Course learning outcomes
On successful completion of this course preservice teachers should be able to:
- appraise the relationship between technology and society and the implications of changes in both for learning and teaching by appraising relevant issues and the strategies available to support the safe, responsible and ethical use of ICT (Australian Professional Standards for Teachers (APST) 4.5);
- illustrate a critical understanding of the process of identifying personal professional learning needs (APST 6.1, 7.4);
- demonstrate a critical understanding of the role of external professionals and community representatives in broadening teachers’ professional knowledge and practice (APST 6.1, 7.4);
- illustrate a critical understanding of relevant and appropriate sources of professional learning for teachers and combine this understanding with knowledge drawn from constructive feedback from supervisors and teachers to improve teaching practices (APST 6.2, 6.3);
- apply knowledge and skills for digital citizenship derived from relevant research about how ICTs can engage students and transform learning to inform the selection of a range of resources, including ICT, for the design of engaging learning experiences for diverse students choice of appropriate teaching strategies for using ICT to expand curriculum learning opportunities for all students (APST 2.6, 3.4);
- create and organise classroom activities using clear directions that support students’ wellbeing and safety being mindful of curriculum, legislative, administrative and organisation requirements underpinned by ethics and appropriate conduct for the teaching profession together with strategies to support the safe, responsible and ethical use of ICT in learning and teaching (APST 4.2, 4.4, 4.5, 7.1, 7.2);
- critically analyse current applications of ICTs in the preservice teachers discipline teaching areas and apply relevant and appropriate sources of professional learning and relevant research to understand the rationale for continued professional learning, and the implications for improved student learning through the synthesis of proposals for action and reflection on the implications for future practice through expert cognitive, literacy and communication skills, including spelling, grammar, punctuation and bibliographic referencing (APST 6.2, 6.4).

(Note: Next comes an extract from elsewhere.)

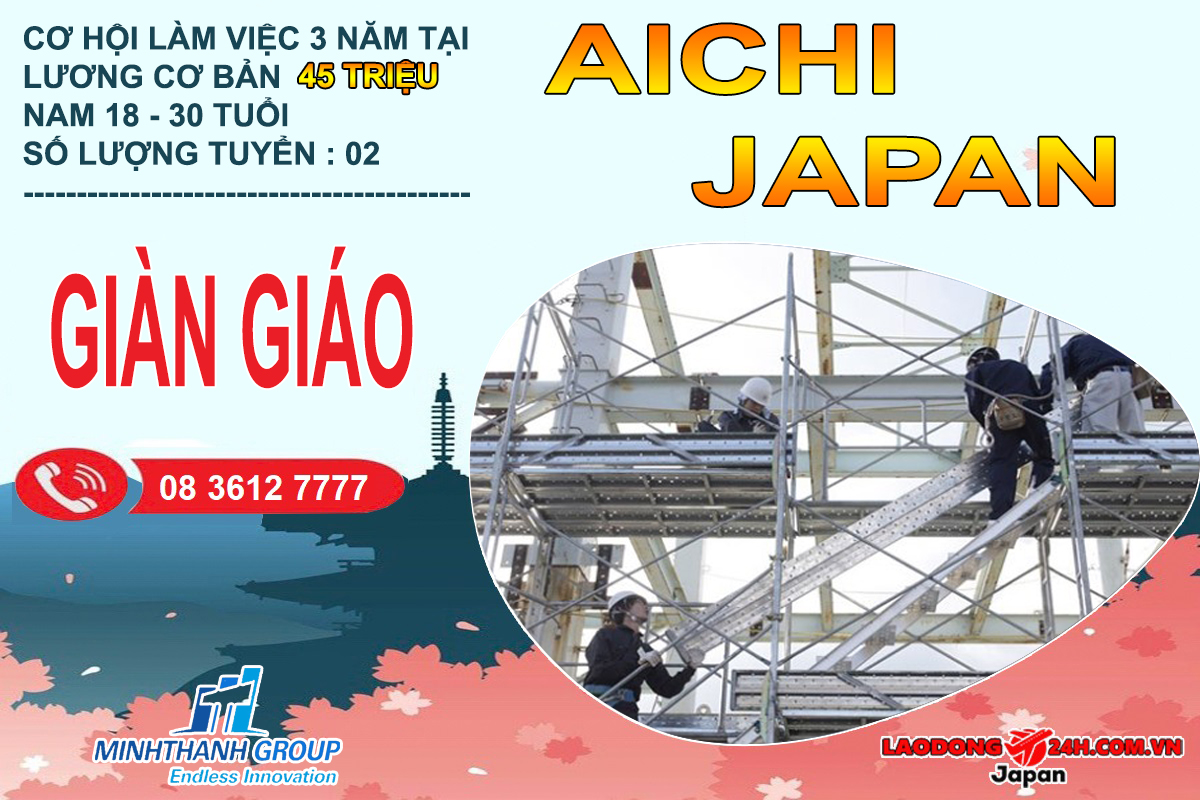Lắp đặt giàn giáo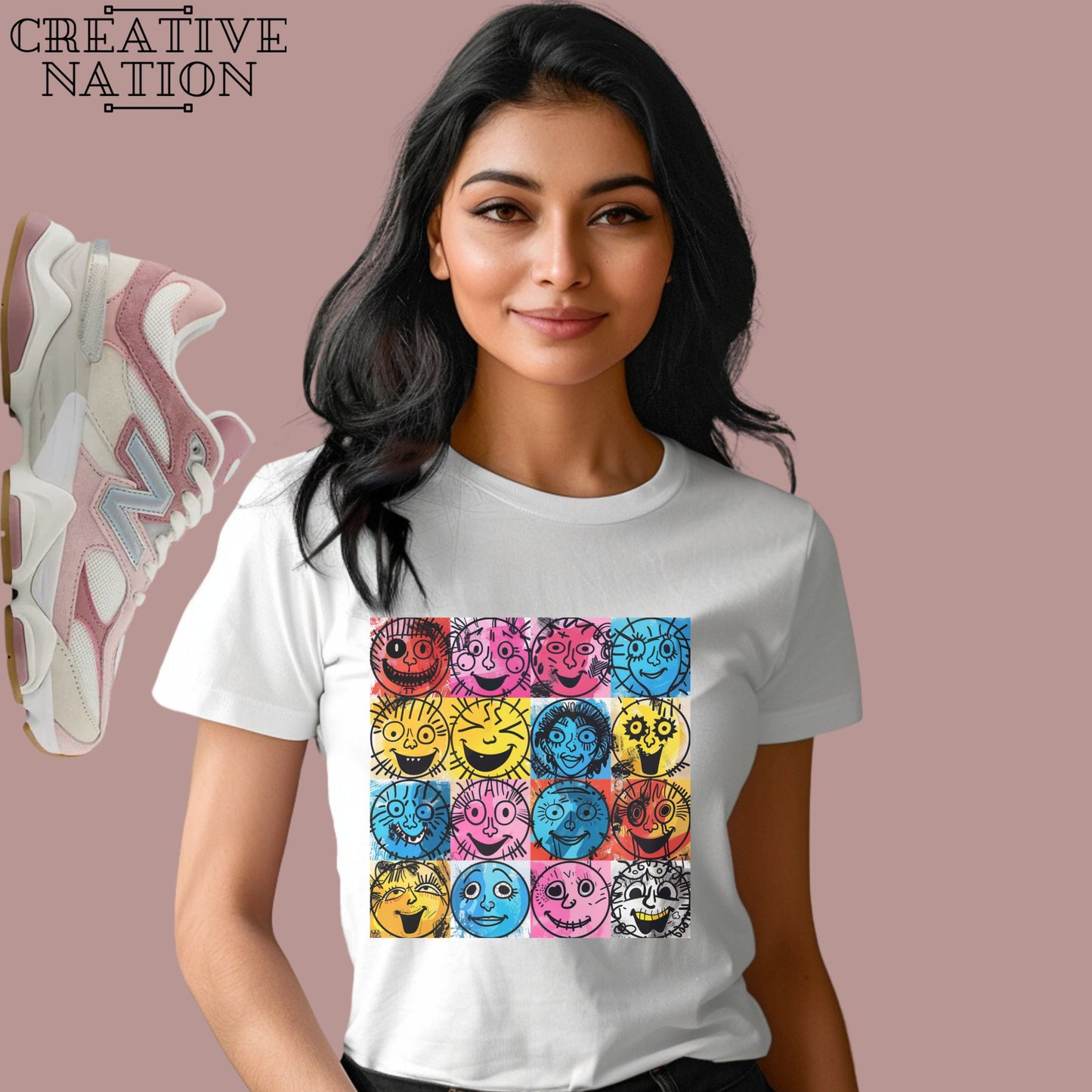 Shirt To Match New Balance 9060 Rose Pink Unisex Tee Gift For Her Cool Shirt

|1.||Relationship of technology to society and the implications of changes in both for learning and teaching to support the safe, responsible and ethical use of ICT||5.00|
|2.||Digital citizenship and research on student engagement with ICTs and exploration of professional dialogue||15.00|
|3.||ICTs, student engagement and transform learning to inform selection of resources and design for diverse students, and exploration of societal expectations, standards and curriculum||20.00|
|4.||Engaging learning experiences for diverse students through the demonstrated ability to arrange and assemble teaching strategies for using ICT to expand curriculum learning opportunities for all students based on current literature, theories, models and frameworks||30.00|
|5.||Current applications of ICTs in specialist teaching areas and sources of professional learning and the rationale for continued professional learning||25.00|
|6.||Key principles in codes of ethics and conduct for the teaching profession and strategies available to support the safe, responsible and ethical use of ICT in learning and teaching||5.00|
Text and materials required to be purchased or accessed
Student workload expectations
To do well in this subject, students are expected to commit approximately 10 hours per week including class contact hours, independent study, and all assessment tasks. If you are undertaking additional activities, which may include placements and residential schools, the weekly workload hours may vary.